Así pues, detrás del incremento de la desigualdad de la renta que hemos vivido como tendencia general en los últimos años, nos encontramos precisamente con este empeoramiento de la participación de los salarios en la renta total de los países, explicación que vuelve a situar en el centro, pues, nuestro papel en el proceso productivo, es decir, la clase social a la que pertenecemos.

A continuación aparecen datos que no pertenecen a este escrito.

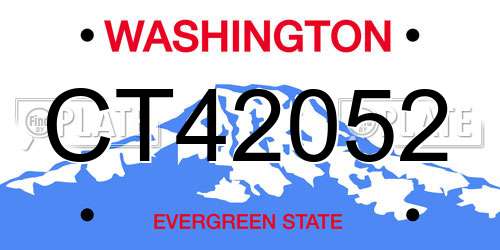 CT42052 Washington License Plate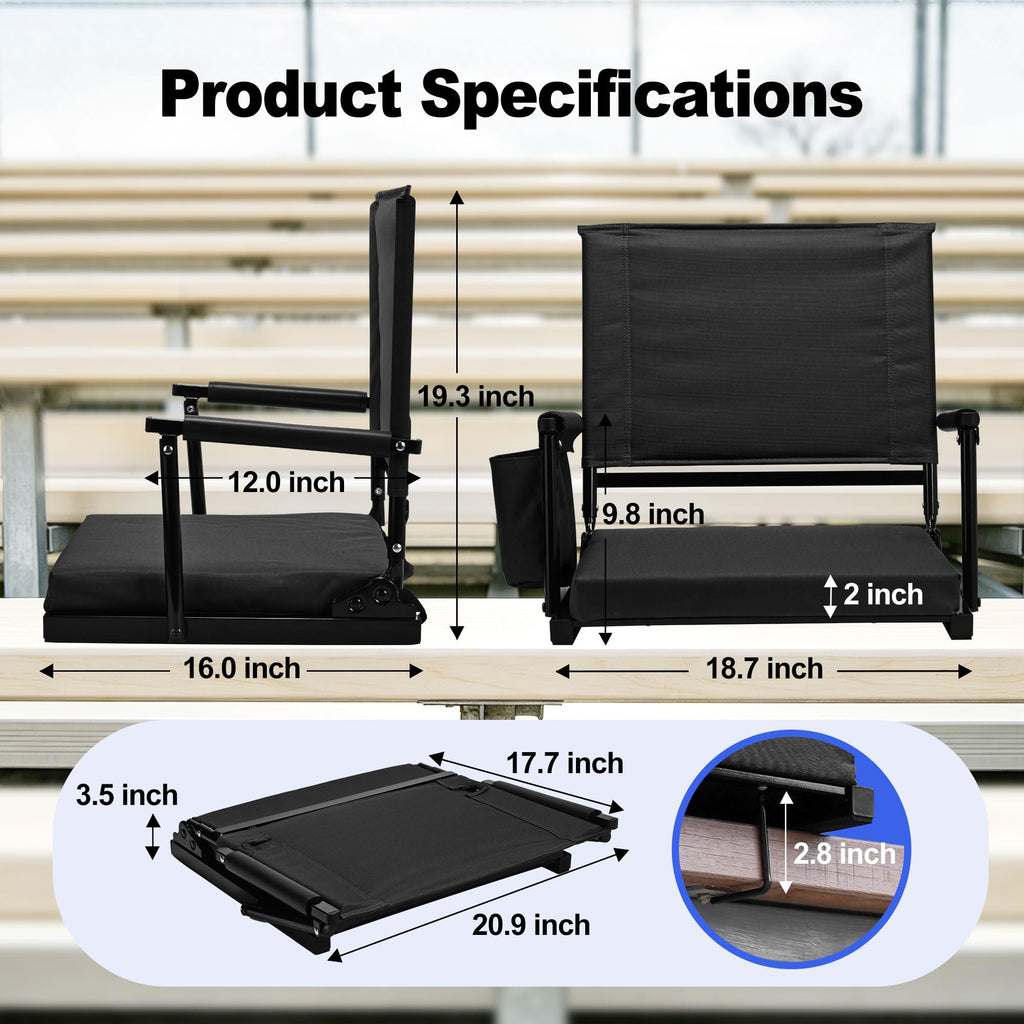 2 Packs Foldable Stadium Seats with Adjustable Backrest and Cup Holders Black H632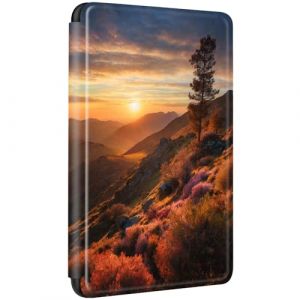 Coque pour Kindle Paperwhite 2018 10e Génération Flip Etui Cuir PU Silicone Case Magnétique Auto Veille/Réveil Anti Chute Cas Champ Peinture Arbre Motif Housse Kindle Paperwhite 10eme Gen (4) (SGKITM, neuf)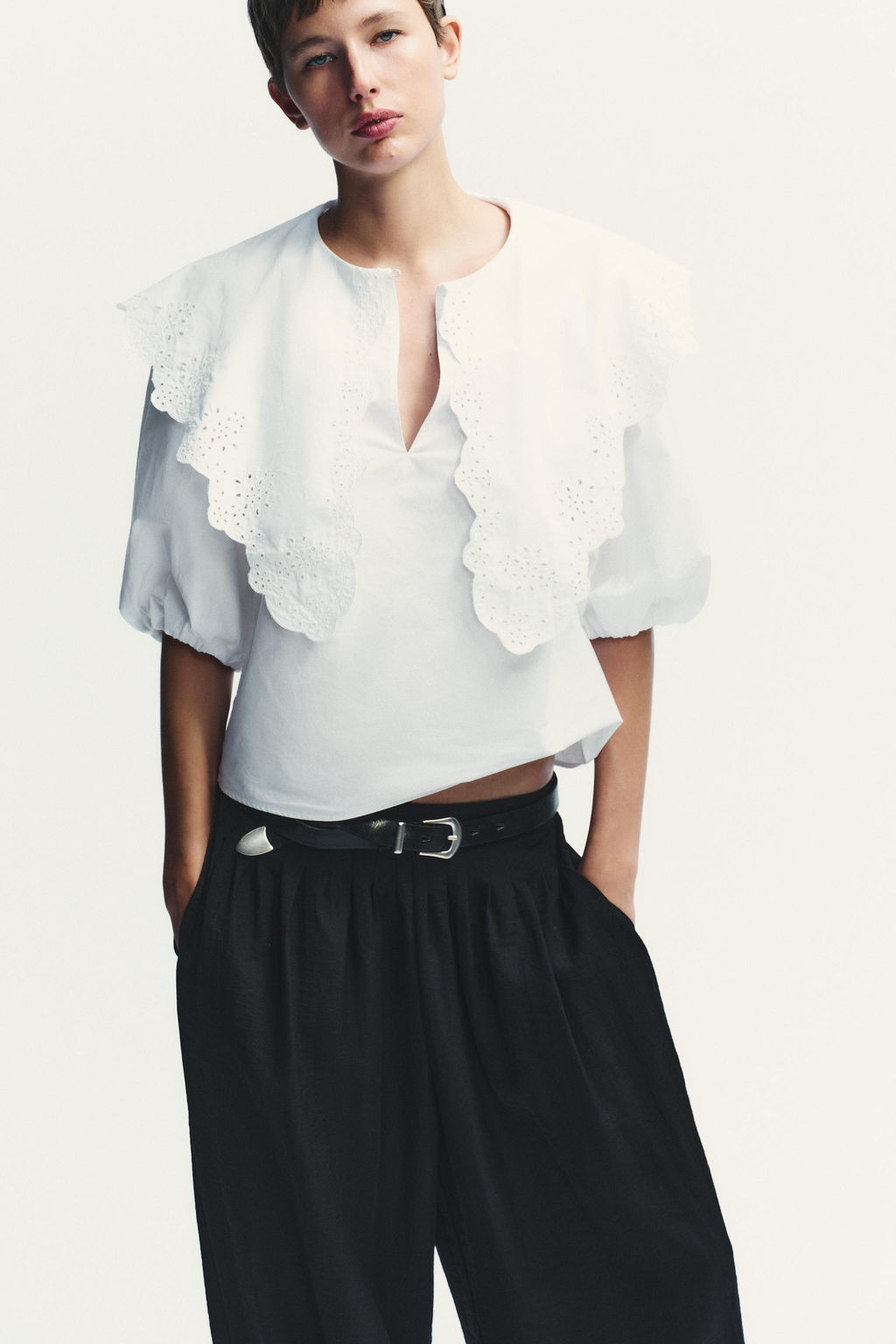 POPLIN SHIRT WITH PETER PAN COLLAR - Zara фото 9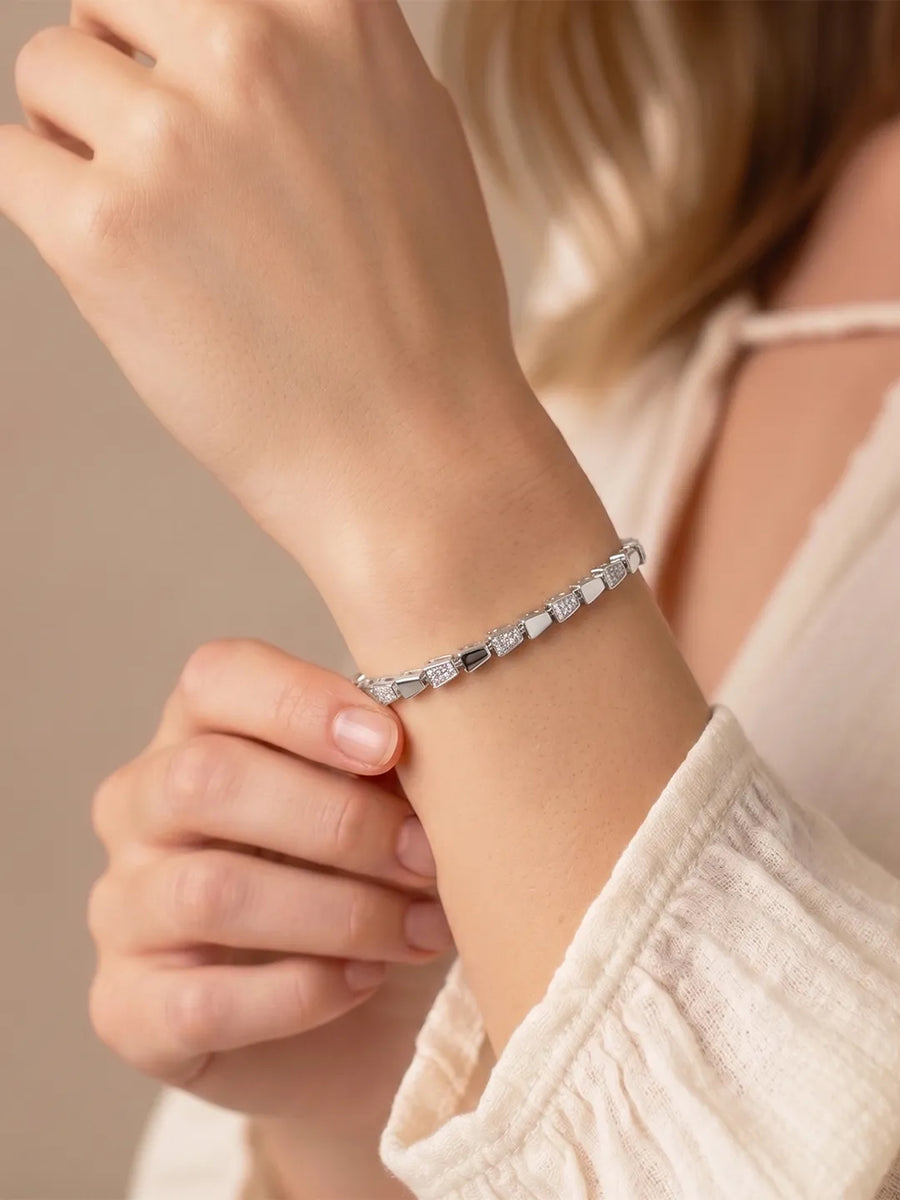 Peora Crystal Link Bracelet - Silver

Hay otros elementos, claro está (como, por ejemplo, las ganancias de capital, que explican en buena medida la extraordinaria mejora de los ingresos de la franja más rica de la población), pero es evidente que la clase social sigue siendo clave, y actúa también en estas otras fuentes de desigualdad.
Poner de relieve la importancia de la lucha de clases desde una visión económica del conflicto es lo que hemos pretendido en este artículo, pues lejos de situar esta lucha como algo del pasado o de poca relevancia, como ya anticipamos al principio, a la vista de lo expuesto, debe otorgársele la importancia que se merece. Tiene por tanto todo el sentido incidir en propuestas que se dirijan hacia la construcción de alternativas a un sistema económico que basa su dinámica en la detracción de valor de la clase social mayoritaria, la trabajadora, para apropiarse de él y destinarlo a la clase social propietaria de los medios de producción. Mientras exista desigualdad económica, por tanto, la lucha de clases continúa.